Outro dos aspetos nocivos promovidos quando se coloca o cerne na emoção como fonte de orientação moral é o facto de operar na normalização de comportamentos insanos, como sejam a vingança, a exploração emocional (como já expliquei), a dependência emocional de outrem, gostar de ver os outros sofrer e morrer, até mesmo tolerar violência física e apreciá-la quando cometida sobre alguém por quem desenvolvemos animosidade ou sentimentos negativos mais fortes.

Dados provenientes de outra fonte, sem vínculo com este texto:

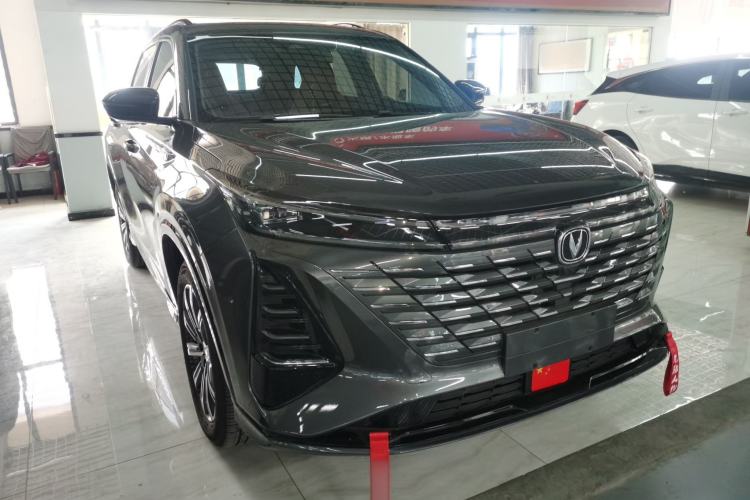 Used Changan CS75 PLUS 2024 3rd Generation Champion Edition 1.5T Intelligent Drive Dynamic Model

Por isso, é que recentemente tem havido um apelo contra a empatia, e pela retirada do aspeto emocional na tomada de decisões importantes, e do panorama político, por exemplo. Apenas é possível dirigir empatia, no sentido de ser-se capaz de se colocar na pele do outro quando ele passa por algo ao qual se possa associar um estado emocional, a pessoas com as quais conseguimos estabelecer relações de identidade e, como não haverá com certeza dificuldade em perceber, emoções negativas apenas justificam e legitimam ações insanas cometidas contra outras pessoas. Por isso, é que tantos artistas, das mais variadas áreas, falam em produzir arte com o objetivo de “ter um efeito positivo na vida de outros”, mas, perante toda a informação que já aqui expus, sabe-se que isso é impossível, ou pelo menos praticamente impossível.

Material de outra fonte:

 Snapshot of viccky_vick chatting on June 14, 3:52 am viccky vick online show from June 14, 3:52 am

Tudo isto tem uma relação estrita com a promoção de viés emocionais, que nos levam a tratar e a interpretar as ações de forma diferente no caso de provirem de pessoas de quem gostamos ou de outras das quais não gostamos. Os artistas particularmente, e por terem uma grande tendência para adotar uma postura furtiva em relação a pessoas que intuem possuir determinadas características ou defeitos de “caráter” considerados por eles suficientemente graves para invalidar até uma mera interação, quanto mais uma relação, e, no caso de se verem obrigados a comunicar com alguém assim, para além da atitude furtiva, evitam comunicar diretamente o que pensam. Algo que também exploram na sua arte, mais uma vez pela vida da subjetividade, ambiguidade e redundância, através da colocação do foco na forma, em figuras de estilo, em duplos sentidos, e em quaisquer outros utilitários de expressão artística que minam a clareza da mensagem e o processo de comunicação.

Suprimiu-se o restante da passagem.